Any help is appreciated! 
Thank you!


----------



## Jmayspaint (May 4, 2013)

It's difficult for an experienced painter to roll out a good looking ceiling with a sheen. It's possible, and I think it looks nice if its done well, but difficult if there is much critical light at all. 

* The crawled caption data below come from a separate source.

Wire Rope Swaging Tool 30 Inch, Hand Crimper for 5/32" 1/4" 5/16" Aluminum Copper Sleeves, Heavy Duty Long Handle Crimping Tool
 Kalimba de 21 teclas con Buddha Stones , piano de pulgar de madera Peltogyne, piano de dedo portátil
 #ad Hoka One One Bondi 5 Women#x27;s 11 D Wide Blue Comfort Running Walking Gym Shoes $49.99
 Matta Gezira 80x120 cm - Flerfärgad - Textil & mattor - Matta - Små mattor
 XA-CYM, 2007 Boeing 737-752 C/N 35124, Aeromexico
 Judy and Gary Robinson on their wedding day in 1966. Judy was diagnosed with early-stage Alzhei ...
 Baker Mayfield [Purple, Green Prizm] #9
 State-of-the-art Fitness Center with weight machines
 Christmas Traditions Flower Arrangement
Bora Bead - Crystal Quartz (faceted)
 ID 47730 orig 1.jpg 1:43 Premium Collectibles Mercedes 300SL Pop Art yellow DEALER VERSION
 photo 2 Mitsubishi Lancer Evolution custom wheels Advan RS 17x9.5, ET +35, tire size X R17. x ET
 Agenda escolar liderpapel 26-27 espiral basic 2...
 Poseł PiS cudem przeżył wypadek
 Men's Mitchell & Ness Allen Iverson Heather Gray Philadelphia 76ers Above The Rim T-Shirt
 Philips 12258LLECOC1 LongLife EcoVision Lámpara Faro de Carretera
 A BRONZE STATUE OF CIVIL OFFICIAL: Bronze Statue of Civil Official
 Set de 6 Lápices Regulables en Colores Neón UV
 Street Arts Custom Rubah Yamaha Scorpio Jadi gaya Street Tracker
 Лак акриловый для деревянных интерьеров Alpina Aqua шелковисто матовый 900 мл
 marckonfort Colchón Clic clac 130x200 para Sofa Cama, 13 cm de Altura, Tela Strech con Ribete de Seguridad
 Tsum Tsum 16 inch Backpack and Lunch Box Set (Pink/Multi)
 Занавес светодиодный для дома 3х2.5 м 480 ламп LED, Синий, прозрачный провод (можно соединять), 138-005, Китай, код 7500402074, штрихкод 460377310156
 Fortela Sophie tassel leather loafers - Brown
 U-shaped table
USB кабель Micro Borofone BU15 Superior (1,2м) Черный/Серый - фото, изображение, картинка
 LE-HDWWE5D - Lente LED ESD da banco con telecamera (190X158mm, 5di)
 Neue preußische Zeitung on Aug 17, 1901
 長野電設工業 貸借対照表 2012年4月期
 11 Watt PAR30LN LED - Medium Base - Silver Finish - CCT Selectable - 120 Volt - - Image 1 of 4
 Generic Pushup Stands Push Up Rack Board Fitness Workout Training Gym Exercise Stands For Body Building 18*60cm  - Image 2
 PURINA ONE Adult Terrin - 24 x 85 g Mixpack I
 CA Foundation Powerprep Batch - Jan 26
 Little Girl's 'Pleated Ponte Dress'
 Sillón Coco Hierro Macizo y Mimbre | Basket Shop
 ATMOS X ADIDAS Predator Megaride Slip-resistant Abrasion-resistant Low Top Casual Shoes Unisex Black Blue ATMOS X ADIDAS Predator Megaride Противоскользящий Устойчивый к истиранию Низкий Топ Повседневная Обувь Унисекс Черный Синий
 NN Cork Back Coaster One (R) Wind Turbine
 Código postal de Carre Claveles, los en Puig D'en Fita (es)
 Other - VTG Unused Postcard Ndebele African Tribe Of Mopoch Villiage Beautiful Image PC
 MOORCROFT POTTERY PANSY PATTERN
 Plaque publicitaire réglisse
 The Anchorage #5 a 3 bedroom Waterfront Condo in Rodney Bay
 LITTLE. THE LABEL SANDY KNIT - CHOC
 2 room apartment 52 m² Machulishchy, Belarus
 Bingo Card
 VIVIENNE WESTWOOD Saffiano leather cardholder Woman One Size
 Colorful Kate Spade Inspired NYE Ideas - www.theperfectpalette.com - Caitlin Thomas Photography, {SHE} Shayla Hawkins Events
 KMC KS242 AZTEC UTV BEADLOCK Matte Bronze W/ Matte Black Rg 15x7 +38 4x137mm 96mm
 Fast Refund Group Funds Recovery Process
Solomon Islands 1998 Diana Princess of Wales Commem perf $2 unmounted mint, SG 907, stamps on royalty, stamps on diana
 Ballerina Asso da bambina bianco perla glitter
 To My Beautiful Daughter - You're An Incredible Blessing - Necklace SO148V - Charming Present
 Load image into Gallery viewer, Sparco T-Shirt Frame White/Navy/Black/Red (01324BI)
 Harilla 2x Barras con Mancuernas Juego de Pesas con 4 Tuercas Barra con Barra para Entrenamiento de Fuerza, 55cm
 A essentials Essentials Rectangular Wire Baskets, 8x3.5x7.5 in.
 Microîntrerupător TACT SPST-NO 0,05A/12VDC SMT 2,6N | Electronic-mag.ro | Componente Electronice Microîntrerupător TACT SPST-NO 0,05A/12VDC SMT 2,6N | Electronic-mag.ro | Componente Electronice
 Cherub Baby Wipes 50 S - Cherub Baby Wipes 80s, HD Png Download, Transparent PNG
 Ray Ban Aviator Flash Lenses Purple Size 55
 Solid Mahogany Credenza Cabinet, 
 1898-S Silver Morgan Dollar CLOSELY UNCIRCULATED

What sheen is it, low luster?


----------



## Gymschu (Dec 12, 2010)

Gotta agree with Jmays. Any sheen on a ceiling is difficult to pull off. Cashmere is notoriously shinier than the sheen it advertises. Low-lustre is actually more like a Satin and Pearl is more like a Semi-gloss. For ceilings I stick with something simple like Promar 400 flat from SW.


----------



## ToolSeeker (Sep 19, 2012)

I agree to shiny for me but hey if it's what they want go for it. Just explain that the shinier the sheen the more every little imperfection will stand out.


----------



## Joshie (Apr 1, 2014)

Jmayspaint said:


> It's difficult for an experienced painter to roll out a good looking ceiling with a sheen. It's possible, and I think it looks nice if its done well, but difficult if there is much critical light at all.
> 
> What sheen is it, low luster?


It will be flat. Looks like Cashmere comes in a flat. So ceilings are typically flat. Will this be fine?


----------



## Jmayspaint (May 4, 2013)

Joshie said:


> It will be flat. Looks like Cashmere comes in a flat. So ceilings are typically flat. Will this be fine?


Yeah, it'll be fine. Probably not going to be as dead flat as a ceiling paint, but your making it easier painting walls as ceiling the same.


----------



## Joshie (Apr 1, 2014)

Gymschu said:


> Gotta agree with Jmays. Any sheen on a ceiling is difficult to pull off. Cashmere is notoriously shinier than the sheen it advertises. Low-lustre is actually more like a Satin and Pearl is more like a Semi-gloss. For ceilings I stick with something simple like Promar 400 flat from SW.


Okay ProMar 400. Now I've heard of 200...and heard that was a better paint. Is there something about ProMar 400 that makes it a better ceiling paint?

Thanks for the reply!


----------



## Gymschu (Dec 12, 2010)

Promar 400 is usually not up to par with PM 200, but, for some reason the 400 flat is DEAD flat and covers ceilings nicely. The price is nice too.


----------



## Joshie (Apr 1, 2014)

Gymschu said:


> Promar 400 is usually not up to par with PM 200, but, for some reason the 400 flat is DEAD flat and covers ceilings nicely. The price is nice too.


Hmmm okay. Thanks for the help you guys. I appreciate it.


----------



## Matthewt1970 (Sep 16, 2008)

Joshie said:


> It will be flat. Looks like Cashmere comes in a flat. So ceilings are typically flat. Will this be fine?


We are almost done doing a house with 8 different colors all in Cashmere Flat. It is not the flattest of the flat paints.


----------



## chrisn (Dec 23, 2007)

Matthewt1970 said:


> We are almost done doing a house with 8 different colors all in Cashmere Flat. It is not the flattest of the flat paints.


 
true, but it is at least pretty nice to work with( not that I do all that much since switching to PPG)


----------